In the entries below, find the line with "White fitted wardrobe" and the line with "Volkswagen T-Roc 1.5 TSI OPF DSG ACTIVE - 34". Repeat exactly everything between them, those two lines included, but not the pictures.

[Given records — start]

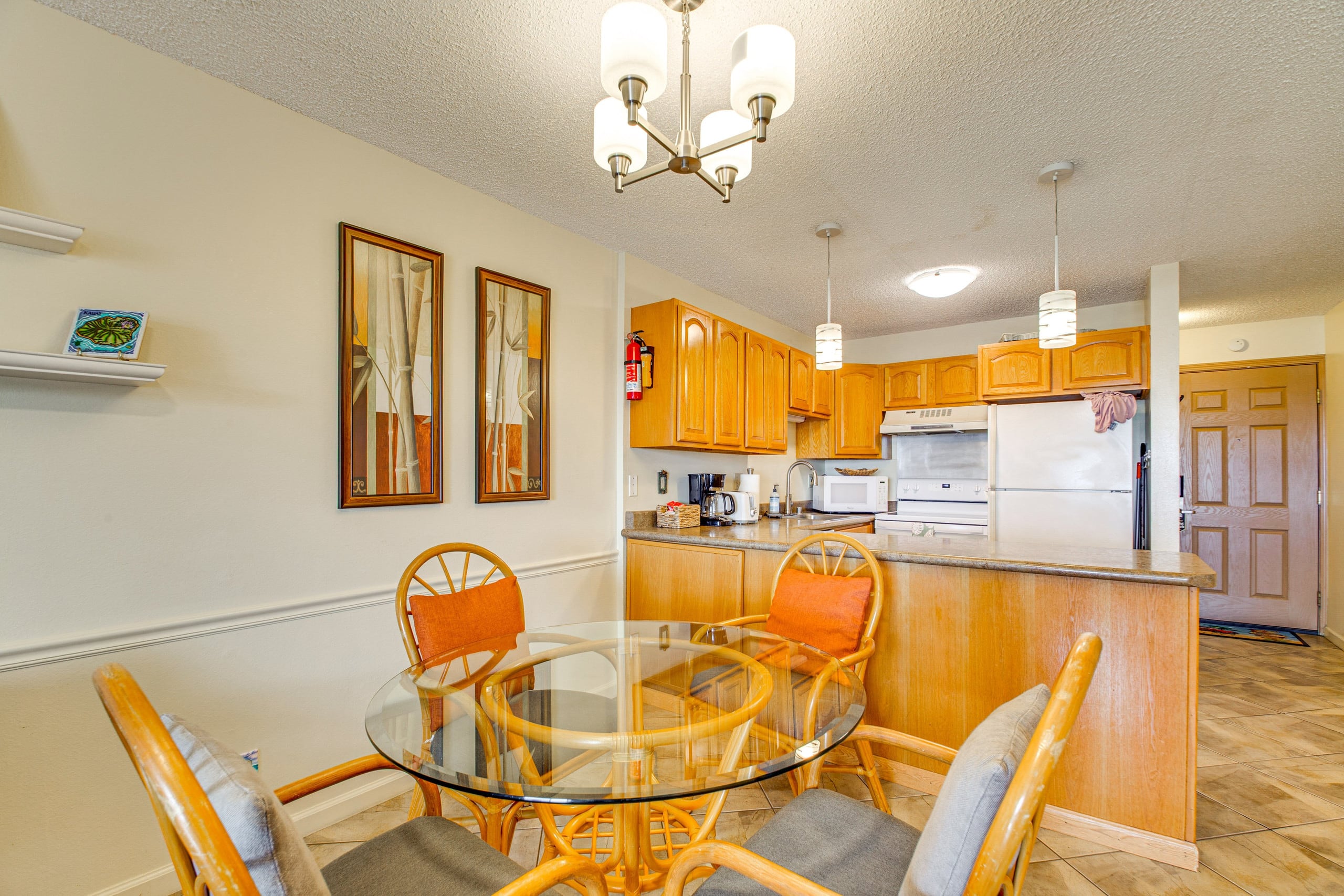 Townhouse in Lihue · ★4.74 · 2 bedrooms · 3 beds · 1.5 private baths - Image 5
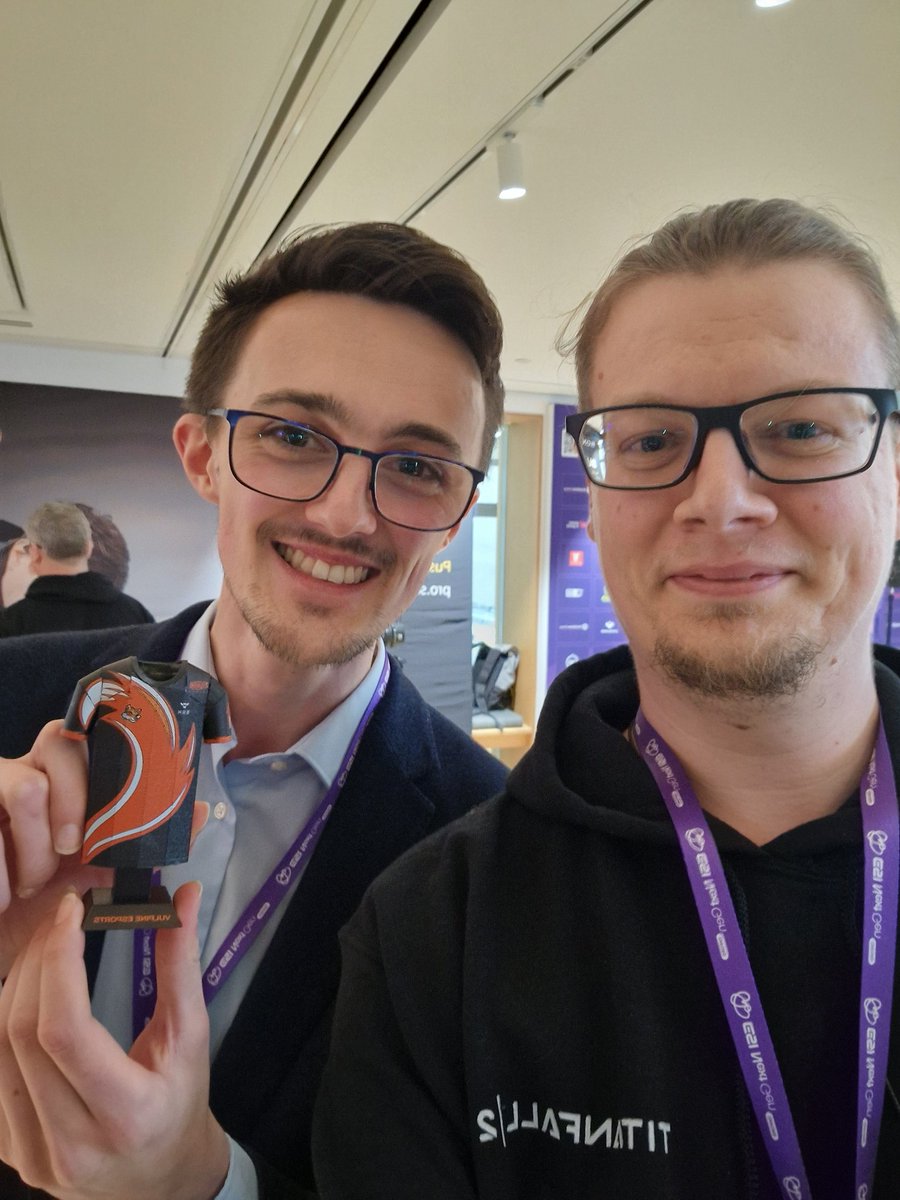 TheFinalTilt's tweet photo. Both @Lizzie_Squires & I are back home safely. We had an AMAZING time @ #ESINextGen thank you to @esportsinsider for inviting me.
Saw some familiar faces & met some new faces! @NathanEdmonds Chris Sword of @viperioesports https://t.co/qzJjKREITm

[Given records — finish]
[Given records — start]

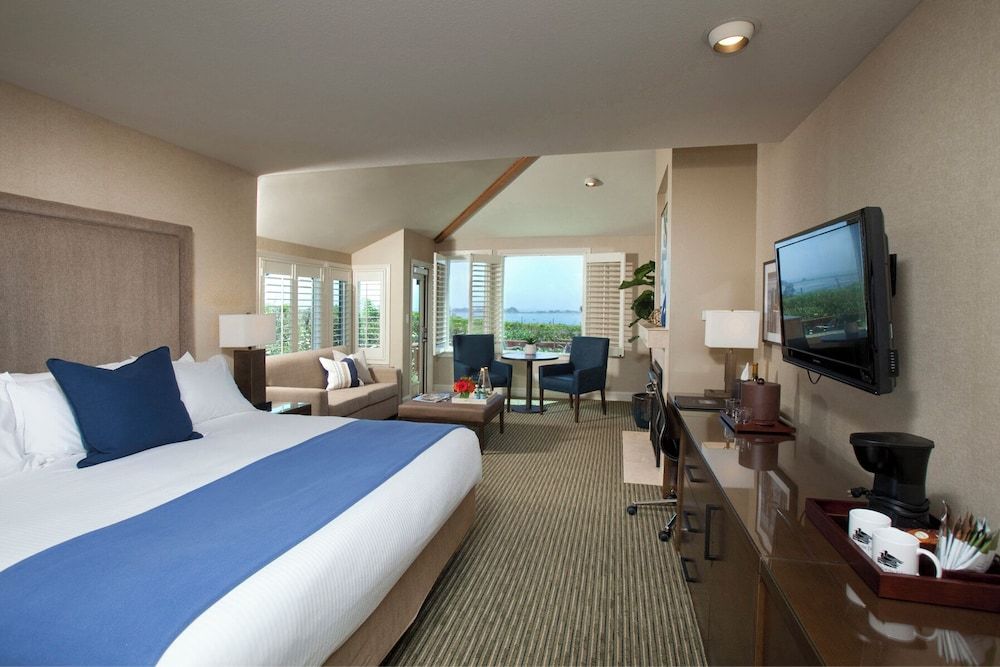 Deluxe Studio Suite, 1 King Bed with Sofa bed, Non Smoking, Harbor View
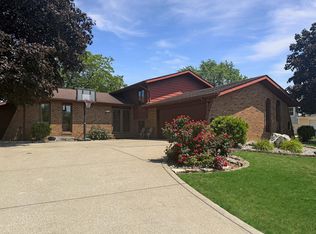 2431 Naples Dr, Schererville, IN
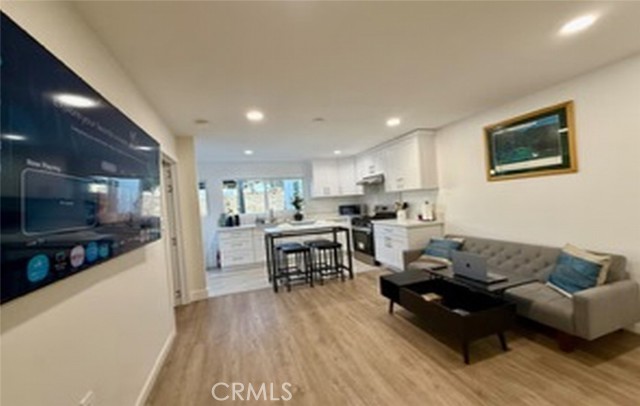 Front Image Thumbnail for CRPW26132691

[Given records — finish]
[Given records — start]

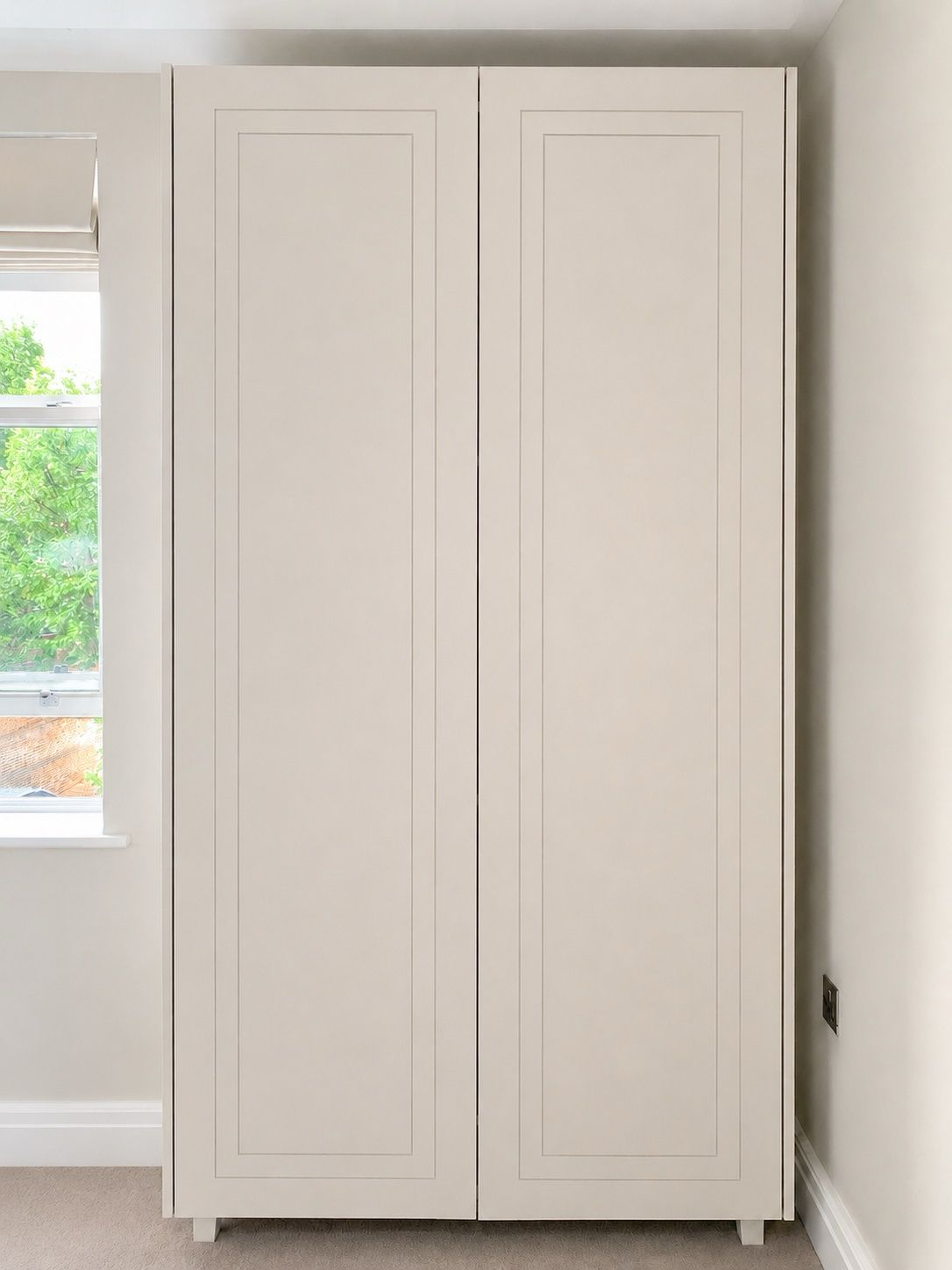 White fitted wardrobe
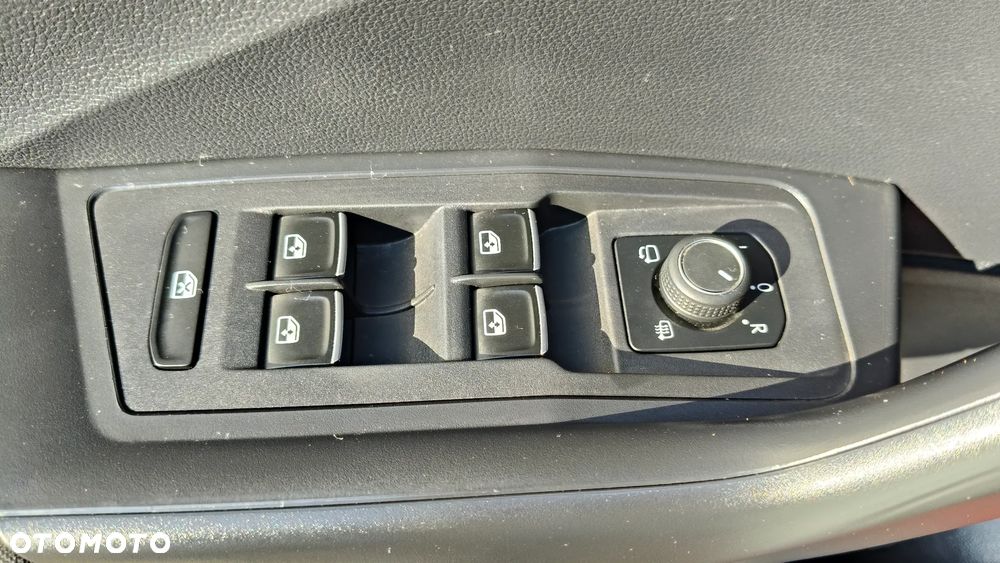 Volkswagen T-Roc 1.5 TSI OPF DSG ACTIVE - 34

[Given records — finish]

• _Response to this exercise_:
 White fitted wardrobe
 Volkswagen T-Roc 1.5 TSI OPF DSG ACTIVE - 34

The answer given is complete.